PostgreSQL and Databases in general: 2021

Wednesday, 15 September 2021

Logical Replication Improvements In PostgreSQL-14

In the upcoming release of PostgreSQL-14, we will see multiple enhancements in Logical Replication which I hope will further increase its usage. This blog is primarily to summarize and briefly explain all the enhancements in Logical Replication.

Decoding of large transactions:

Allow streaming large in-progress transactions to subscribers. Before PostgreSQL-14, the transactions were streamed only at commit time which leads to a large apply lag for large transactions. With this feature, we will see apply lag to be reduced, and in certain scenarios that will lead to a big performance win. I have explained this feature in detail in my previous blog.

Performance of logical decoding:

Reduced the CPU usage and improve decoding performance of transactions having a lot of DDLs. It has been observed that decoding of a transaction containing truncation of a table with 1000 partitions would be finished in 1s whereas before this work it used to take 4-5 minutes. Before explaining, how we have achieved this performance gain, let me briefly tell what an invalidation message is in PostgreSQL as that is important to understand this optimization. These are messages to flush invisible system cache entries in each backend session. We normally execute these at the command end in the backend which generated them and send them at the transaction end via a shared queue to other backends for processing. These are normally generated for insert/delete/update operations on system catalogs which happens for DDL operations.

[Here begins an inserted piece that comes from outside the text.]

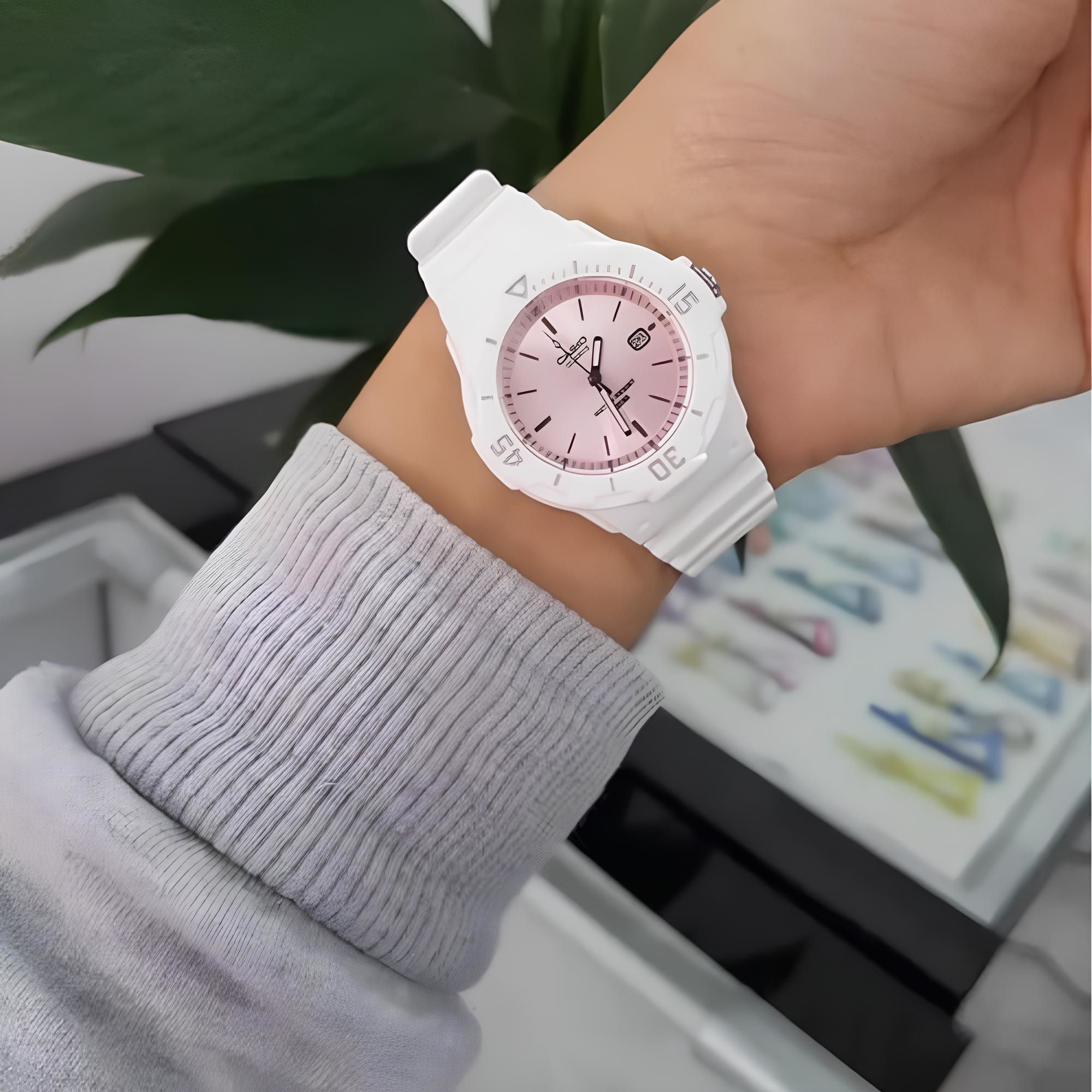 RELOJ LRW-200H-4E3V MUJER ANALOGO RESINA - 3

While decoding we use to execute all the invalidations of an entire transaction at each command end as we had no way of knowing which invalidations happened before that command. Due to this, transactions involving large amounts of DDLs use to take more time and also lead to high CPU usage. But now we know specific invalidations at each command end so we execute only required invalidations. This work has been accomplished by commit d7eb52d718.

Initial table sync:

The initial table synchronization involves copying the initial snapshot of the table by the table sync worker and then the table is brought up to a synchronized state with the main apply worker. This whole work use to be done in a single transaction using a temporary replication slot which has major drawbacks: (a) The slot will hold the WAL till the entire sync is complete. (b) Any error during the sync phase will rollback the entire copy which is painful for large copies. (c) There is a risk of exceeding the CID limit.

We did below improvements to overcome the drawbacks:
Allowed multiple transactions in tablesync phase.
Used permanent slots and origins to track the progress of tablesync.

This work has been explained in detail in the blog. This work has been accomplished by commit ce0fdbfe97.

Logical decoding of two-phase commits:

This will allow us to decode the transactions at prepare time and send the same to the output plugin instead of doing it at commit time. This will allow the plugins to decipher the transaction at prepare time and route it to another node if required. This has two advantages (a) allows two-phase distributed transactions across multiple nodes via logical replication, (b) reduces the apply-lag by sending and replaying the transaction on another node at prepare time.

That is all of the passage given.